There is also great pressure to load more text into the finite area of a web page. This means that standard page font sizing is going smaller not larger. So it becomes more important to choose a font that you can still read at 8 pt versus one that you can't read very well at 8 pt (which is the smallest you can read, which may be debatable).

Yes there has been research done and it looks like the Verdana font style is the winner for being one of the most easily read fonts on a monitor, even down to 8 pt. But what if you don't have Verdana on your computer? Then Arial is the next bet for a sans serif, easy to read font. But what if you don't have Arial on your Non-Microsoft MacIntosh (Arial is a Microsoft font)? Then, Helvetica is a sure bet. We could go on naming several fonts for every page but these three will cover over 96% of all users: Verdana, Arial, Helvetica.

Page headings, like the one at the top of this page ("Text, Fonts, Headings, etc."), are 12 pt bold.
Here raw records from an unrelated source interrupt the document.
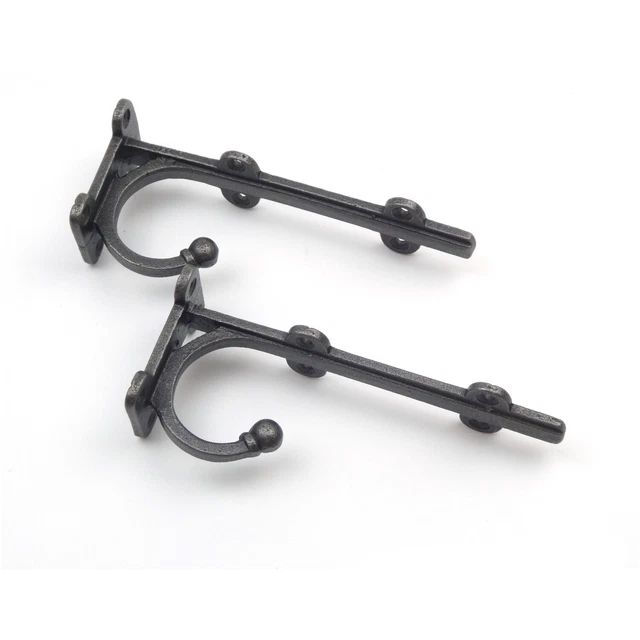 Shelf Bracket With Hook TRANBY Antique Iron - Pair of Brackets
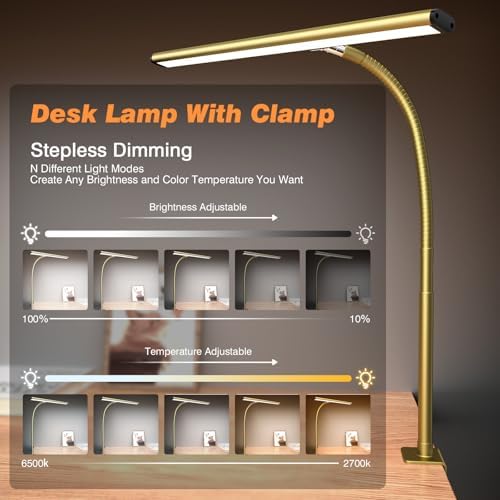 Airlonv LED Desk Lamp with Clamp, 17" Stepless Dimming Light, Gold
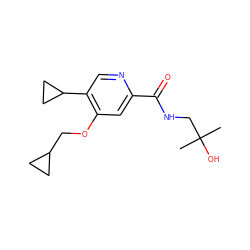 CC(C)(O)CNC(=O)c1cc(OCC2CC2)c(C2CC2)cn1 ZINC000149245104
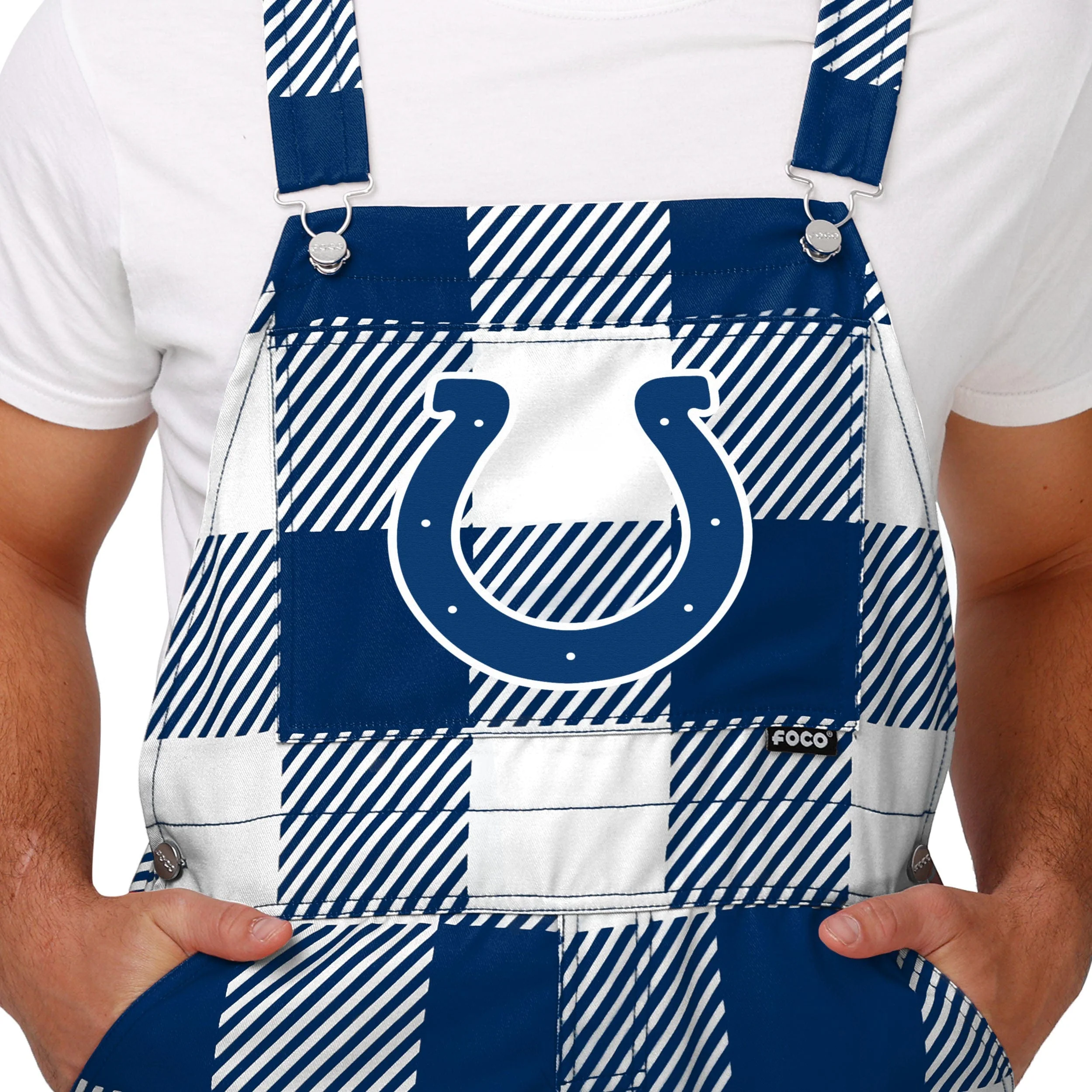 Indianapolis Colts NFL Mens Plaid Bib Overalls - Image 4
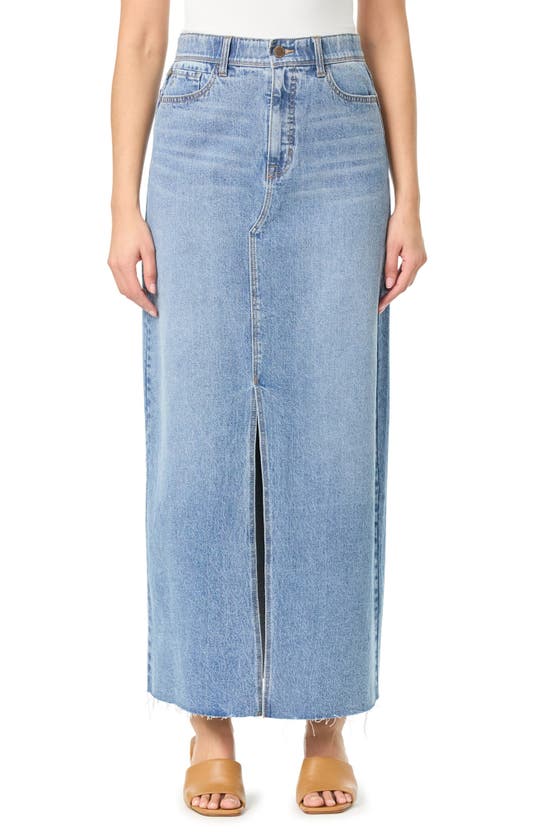 Curve Appeal Premium Denim Maxi Skirt In Capri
However, we can go bigger to 14 pt for these headings if we so choose. Notice how much smoother the font renders at 14 pt than 12 pt. This is true of most fonts on a web screen.

It is at 14 pt that the resolution is adequate that Italics can be used and easily read. Below 14 pt, it is best to use BOLD where you would otherwise use italics.

Also, there is a curious thing that browsers do if a paragraph is missing its closing tag: it takes the last sentence in that paragraph and drops it down about half a space and it looks wierd.

The solution is to make sure your paragraphs all have a closing tag on them (FrontPage doesn't always automatically put a closing tag on every paragraph for some reason).

Also, when copying text from another format like Microsoft Word, it is best to "launder" it with NOTEPAD, an accessory on every PC running Windows. Why? Because you want to strip off all unnecessary formatting that may transfer with the text and make it very difficult to format and size on a web page. FrontPage does have a command to remove all formatting under the FORMAT menu at the top, but it doesn't work.

And finally, you want to break up larger paragraphs into smaller ones so that they can be more easily digested in a 450 pixel wide format.